And then also the distributions and stuff that you're going to make, and you're not making any more income. There's nothing more really coming in unless you have like a side business or some
sort of other thing. But even then the taxation on that is huge. Right. Exactly. I mean, you build up what I call during your accumulation phase of your whole life, which
is the first more than half of your life building and saving and building up a pot of wealth.
And it's supposed to sustain you for the rest of your life.
So people don't factor in the government control of the wealth that they've built and what
that means in the future.
They just don't factor it in. So when they do get the bill and they see the tax that's been withheld
from the distribution, they're like, wait a minute, what's going on here? Yeah, that's the
actual withholding of the pie. So we have to build that in so that we can be prepared. Yes, 100%.

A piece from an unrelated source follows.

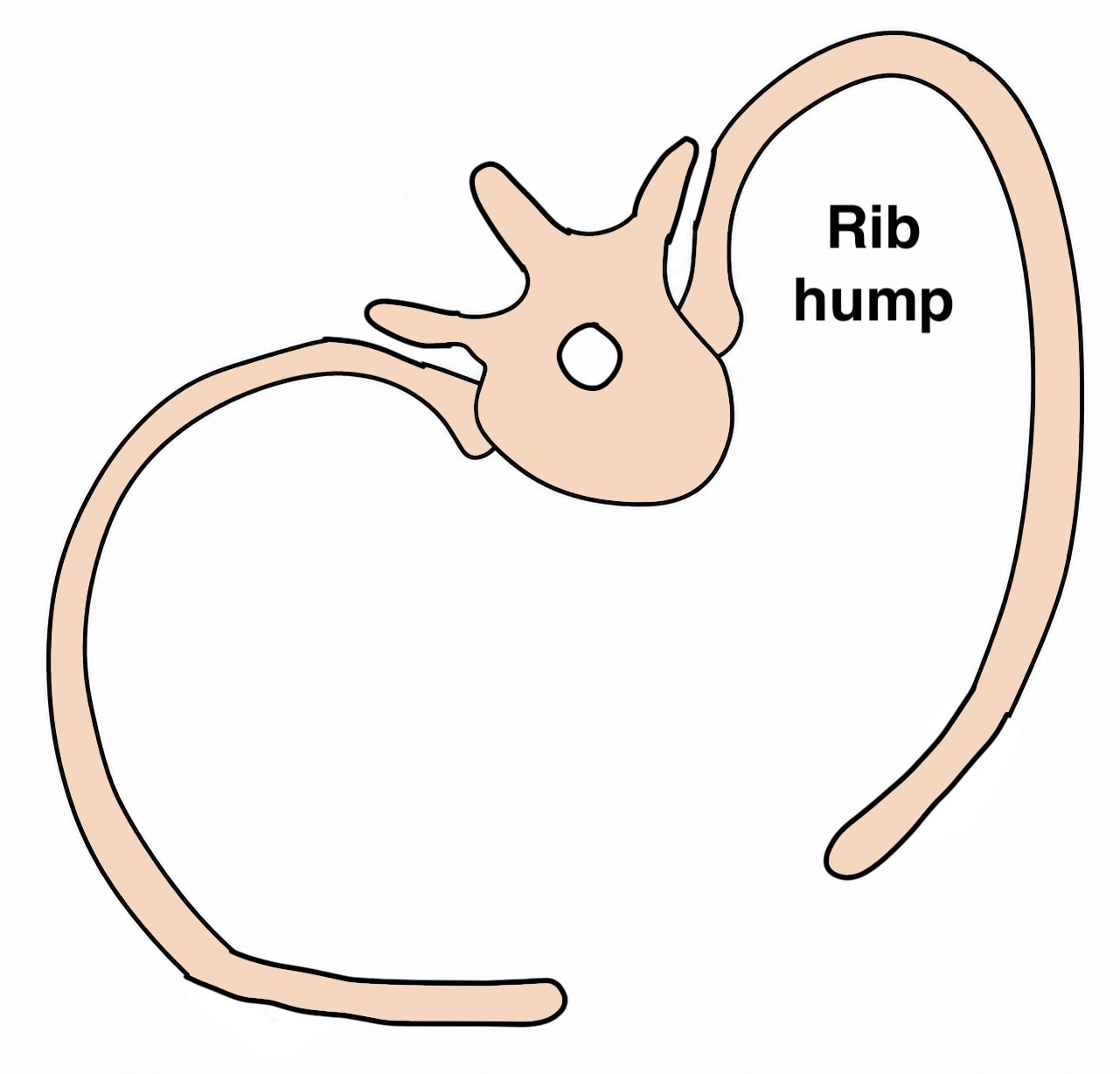 rib hump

And I think what a lot of people don't realize is that people are living longer now,
and the way they're kind of going with some of these new medical things, we might be
living into our hundreds, and if you're retiring at 65, that's about 40 years of income that
you've got to stretch out, make work, and make happen. Exactly right. I mean, the fact that the longevity of our lifespan has increased
and at the same time, the cost of medical care has also increased is a big problem for the fact
that it used to be that you could maybe just augment social security for 15 or 25 years,
20 years, 25 years at the most. Now we are a lot longer on that time frame. So you're exactly right.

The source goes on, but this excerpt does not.